Economie

PLF 2023. État social et justice fiscale

Au cours des deux dernières décennies, officiellement, l’objectif stratégique principal a été d’éradiquer la pauvreté qui n’est pas une fatalité. Néanmoins, les politiques publiques conçues et appliquées ne se sont pas attaquées aux causes structurelles de la pauvreté. Le sens et la substance du concept de solidarité sont à changer. La charité ne peut pas mettre fin à la pauvreté. Elle peut tout juste la rendre un peu plus supportable. C’est le cas lorsque la solidarité est fondée exclusivement sur une logique caritative.

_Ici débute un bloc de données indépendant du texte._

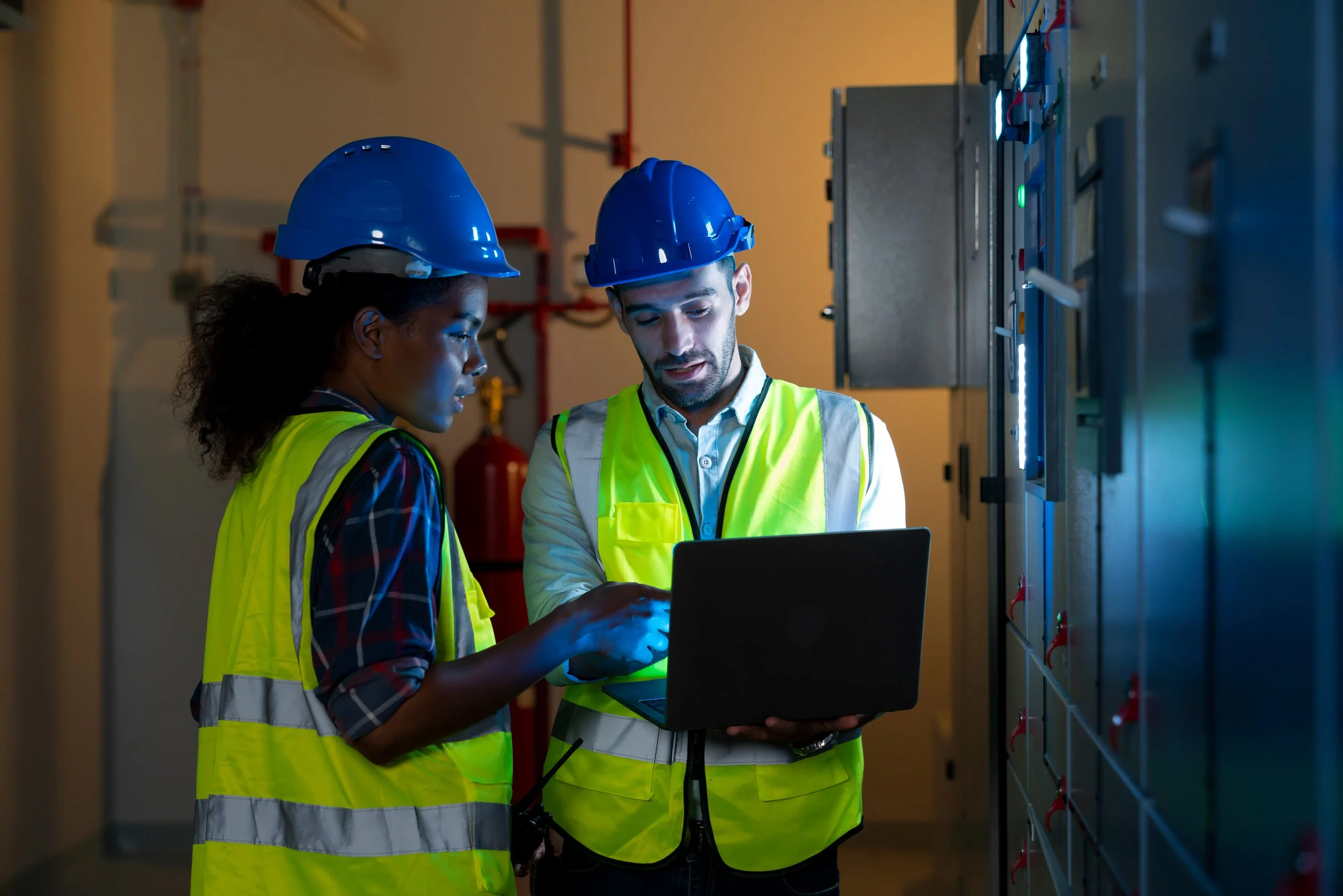 Energy auditors in safety gear using a laptop to assess efficiency in an industrial facility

Depuis presque 10 ans, la «contribution de solidarité» a été mise en place pour renforcer la «cohésion sociale». En 2020, la crise sanitaire a révélé l’ampleur des phénomènes inséparables de la pauvreté et de la précarité qui se nourrissent réciproquement. Il a fallu, en période de confinement, distribuer une indemnité forfaitaire et symbolique, pour permettre à presque 2/3 de la population de survivre. La dernière enquête nationale sur l’emploi confirme cette réalité.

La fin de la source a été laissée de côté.